Doesn't sound like much, except remember they have amassed those totals playing 18 games annually against each of the Yankees , Red Sox and Rays. That is one-third of an entire schedule.
You know how hard it is to even win 81 games like the Jays did last year when three teams in your division win at least 90? Or win 85 when three others win at least 89 as occurred in 2010? It is like a mathematical trick or - more aptly - symbolic of just how good Toronto has become.
Here is another thing you might not know: Toronto's owner, Rogers Communication, just might be the majors' richest ownership. Thus the money is there to take the payroll to places the Rays could never dream about; keep the homegrown elites that ultimately flee Tampa.
Blue Jays GM Alex Anthopoulos used the Cubs, Red Sox and Angels as examples of teams he thought Toronto could be equivalent to in creating "a top third payroll" once the Jays become serial contenders.
"That isn't a guess, that's a fact," Anthopoulos said. "It's a fact because we have done it before." Indeed they have. In the four years from 1992-95, the Jays had a top-three payroll, including leading the majors in 1993 and 1995. Not coincidentally, the Jays became the first team to draw more than four million in home attendance in 1991 and did so again in 1992 and '93, which were both championship seasons. And Anthopoulos believes if the Jays build it (a title contender) they (the fans) will come again and so will monster TV ratings.

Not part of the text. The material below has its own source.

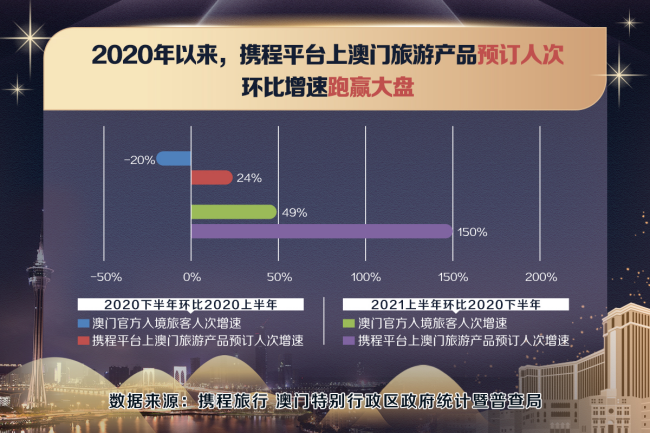 新澳门天天彩正版免费,数据解析说明_FHD版54.130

"We have a whole country to draw from," Anthopoulos said.
"The fan base is 30 million across Canada." All that ismissing is the hard part:
Climb from a good team to a superb one. Nothing less will thrive within the AL East. If they were in any NL division, for example, the Jays might be the favorites. But they could still be fourth best in the AL East and yet no worse than the eighth- or ninth-best team in the sport.

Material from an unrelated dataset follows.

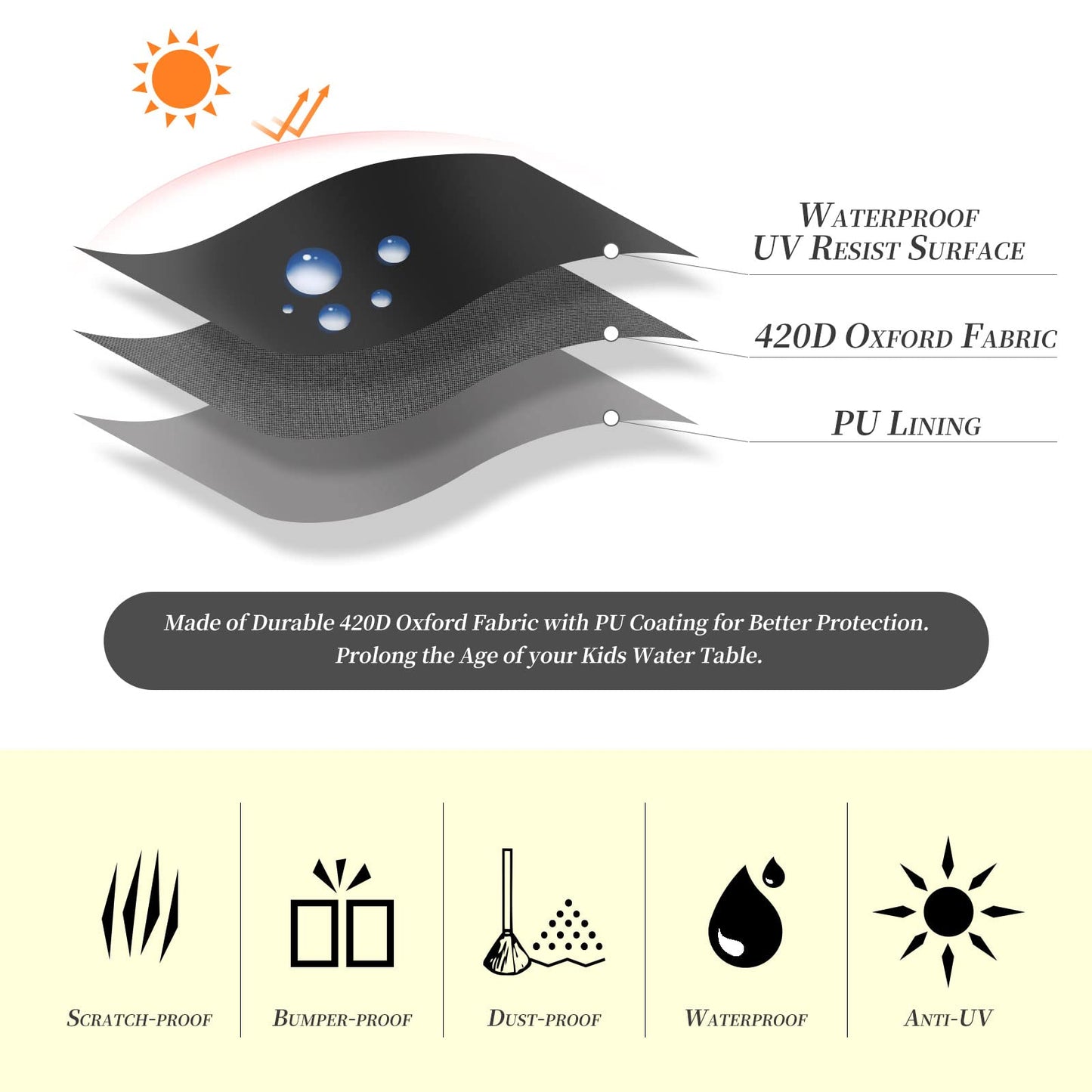 RICHIE Kids Water Table Cover Round for Little Tikes, Waterproof Dustproof Anti-UV Water Table Toys for Toddlers Cover, Sand Wat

"This is not a long-term project anymore," Cashman said. "They are knocking on the door. It is undeniable that they are going to win and win for a while. They are reaping the benefits of great scouting, patience and doing things right." Or as Alex Rodriguez said, "They aren't a secret anymore." Anthopoulos became GM in October 2009. His mandate was to pursue upper-echelon talent, "because in the AL East you either shoot for the moon or it is a waste of time," Anthopoulos said. So he hired just about more scouts than any team. He accumulated high draft picks. He was willing to take chances on skilled players with reputation problems elsewhere such as Yunel Escobar, Brett Lawrie and Colby Rasmus. And, yes, he benefitted from the ascension of Jose Bautista from utilityman to superstar, plus a strong group of youngsters left behind by predecessor, J.P. Ricciardi, now a Mets executive.
Toronto is viewed as having a top three farm system with one scout calling the Jays' 2011 Double-A team the best he had ever seen. The Jays have formulated "a lineup without an easy out," Mark Teixeira said.

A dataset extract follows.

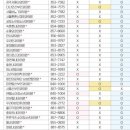송현내과의원 이미지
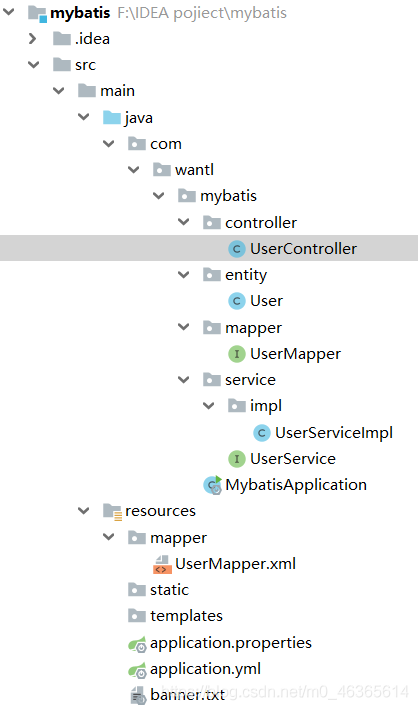 mybatis是什么(说一下mybatis)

However, they still have youth around the diamond and particularly in the rotation. The "volatility" of youth that Anthopoulos depicts is the caution flag to predicting a playoff spot. "But we have decided to go with war with talent, and this is the best I have ever felt about our talent." Anthopoulos is not alone. The consensus is the Jays have become a looming force - with money in their wallet. If the Yankees thought the Rays were trouble, just wait.